III.2.2.1 Nature du son et propriétés "matérielles" du son

Mazens propose différentes situations pour tester si les propriétés suivantes sont attribuées au son : substantialité (ou consistance), poids, permanence (ce sont des propriétés de la matière, catégorie ontologique principale de Chi). Il est entendu ici par permanence le fait que ‘"le son existerait encore après avoir été émis et qu'il se trouverait toujours quelque part"’ (p.114). Ces trois propriétés de la matière sont effectivement attribuées au son, en particulier par les enfants les plus jeunes. Il y a un abandon progressif de ces propriétés au cours du développement des enfants mais ces évolutions ne sont pas forcément synchrones : les propriétés de poids et de permanence sont abandonnées avant la propriété de substantialité. Le concept de son ne semble donc pas réaffecté en bloc de la catégorie matière à la catégorie processus mais les changements sont progressifs. A partir des situations proposées aux enfants (quelques-unes pour chacune des propriétés), il n'est pas possible de dégager une cohérence forte entre les trois propriétés. De façon plus précise, l'attribution d'une propriété donnée au son (en particulier la substantialité) semble dépendre énormément de la situation proposée.

Au sujet de la substantialité, K. Mazens tente de dégager deux "théories naïves". La première est caractérisée par la croyance en la substantialité du fait analogies avec la matière.
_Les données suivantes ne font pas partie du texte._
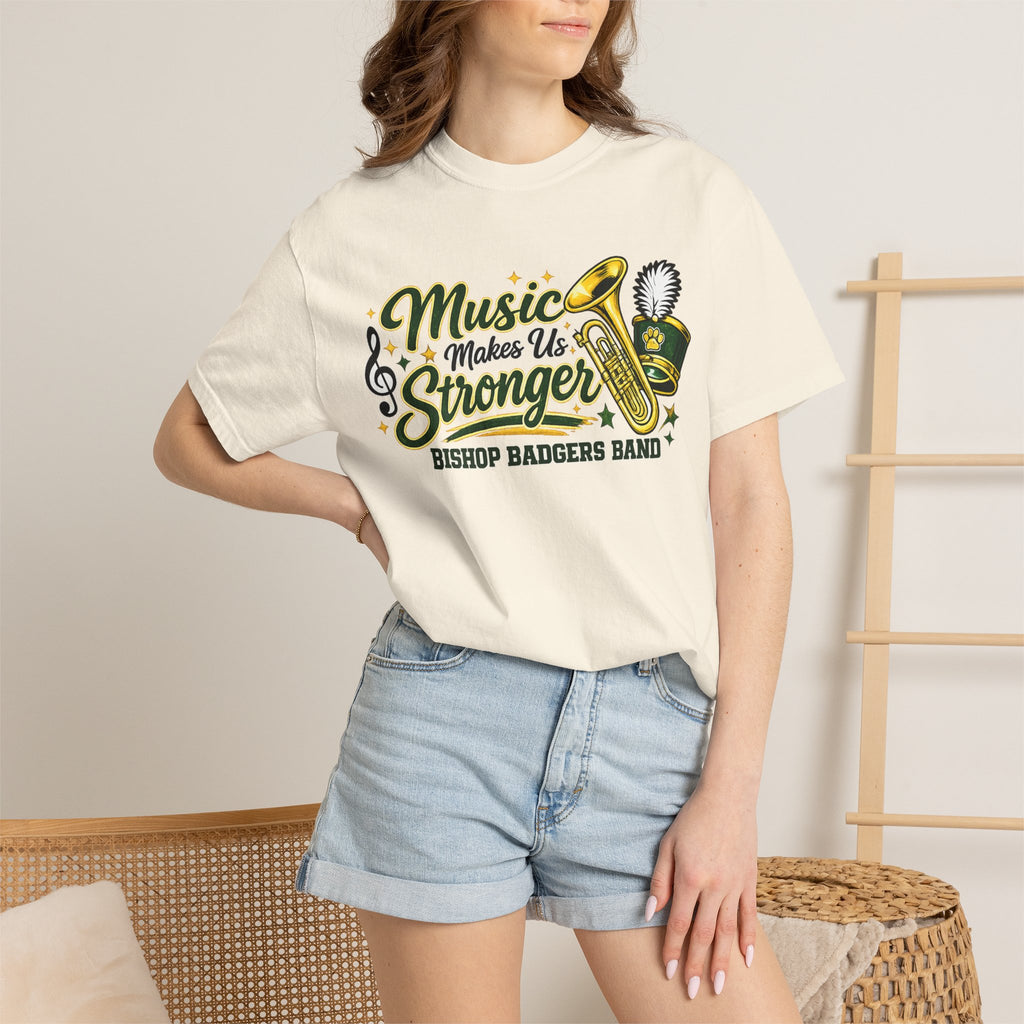 Music Makes Us Stronger T-Shirt — Bishop Badgers Band Graphic Tee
Ceci contraint les modèles mentaux suivants :

  • une substance peut passer à travers des trous, même petits ;

  • une substance dure peut traverser une substance molle.

La deuxième est basée sur une croyance en la substantialité cette fois largement aménagée. Cette "théorie naïve" peut se manifester par la mise en oeuvre de deux modèles mentaux :

  • la propriété d'invisibilité du son lui permet de passer à travers les murs (comme les fantômes par exemple, la nature du son étant mal définie mais différente de l'objet et de l'humain) ;

  • le son est décrit avec des termes qui lui sont spécifiques (vibrer, résonner par exemple).

Il semble que ces quatre modèles mentaux apparaissent au cours du développement de l'enfant dans l'ordre où nous les avons présentés. Remarquons que la propriété de substantialité est assez fortement ancrée puisqu'elle reste relativement importante même chez les élèves les moins jeunes (lors de la situation de perception auditive d'un réveil enfermé dans une boîte en fer, 80% des grandes sections se placent encore dans ce cadre après l'expérience, 30% des CM1). Certains de ces points de vue sont également rencontrés dans d'autres recherches avec des enfants (en particulier Asoko et al., 1991 et 1992).

La propriété de permanence est elle aussi fortement attribuée au son (entre 60% et 80% des réponses), ceci quelle que soit l'émission sonore (boîte qui fait un bruit de vache, corde de guitare ou coup de poing sur la table). Les localisations du son après perception citées par les enfants sont les suivantes : surtout dans l'objet (en particulier pour la boîte et la table) et à l'extérieur (davantage pour la guitare et la table), un peu dans l'oreille et de façon rare dans le cerveau. En fait, si l'on demande à l'enfant jusqu'où va le son, en faisant effectivement un son, l'attribution de permanence chute énormément. Nous discutons pour notre part le lien fait ici entre permanence et matérialité. Il est possible que pour certains enfants, même jeunes, le son soit permanent au sens où il peut encore être dans la source qui peut toujours potentiellement faire un son ou bien parce qu'on l'a "en tête" ou "dans l'oreille", reflétant ainsi une mémoire auditive qui peut permettre de dire que le son existe encore : la permanence n'a pas forcément un support matériel.